He would have been more right to say that it was as important as the telephone and Gutenberg's printing with moveable type combined, seeing as how the thinking behind the Mac led straight to desktop publishing and to the iPhone, with the equivalent of a library in your pocket, and a telephone you could bury your head into for hours and hours each day. It was all about the pointing device.

Now to watch the videos, if I can find them with my iPad.
post #4 of 18
And that was 30 years ago. I remember them days as a kid. Everything seemed possible.
And to all those haters, when you saw that genius demoing the drawing tools that was the master mimd behind the tech. The yard stick you clowns simply don't appreciate.
I said it before, Apple is a TRUE engineering company at its core. Not fancy advertising and hype. PURE ENGINEERING!!!!!
post #5 of 18

Would love to add this to my iTunes collection.
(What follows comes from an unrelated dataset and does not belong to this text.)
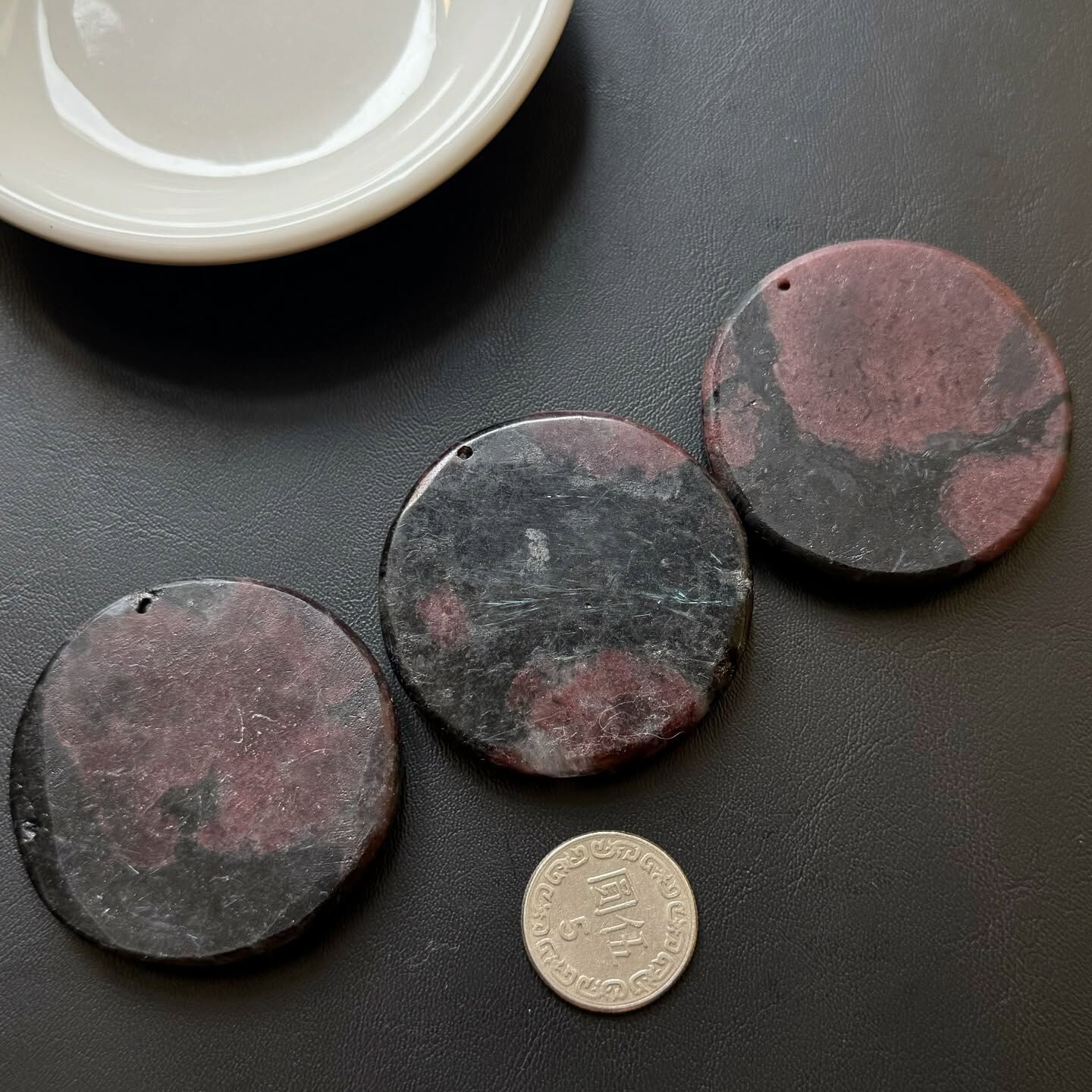 [原石] 石榴石共生星葉石 九尾狐 雕刻件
Any chance Glenn Koenig or Harry McCracken will post it for free on iTunes?

 

PS: I have an original Macintosh bag (picked it up at a flea market) and found one of the original multi-color Apple decals in my files as well.

post #6 of 18

Steve was a true master.

 

Your = the possessive of you, as in, "Your name is Tom, right?" or "What is your name?"

 

You're = a contraction of YOU + ARE as in, "You are right" --> "You're right."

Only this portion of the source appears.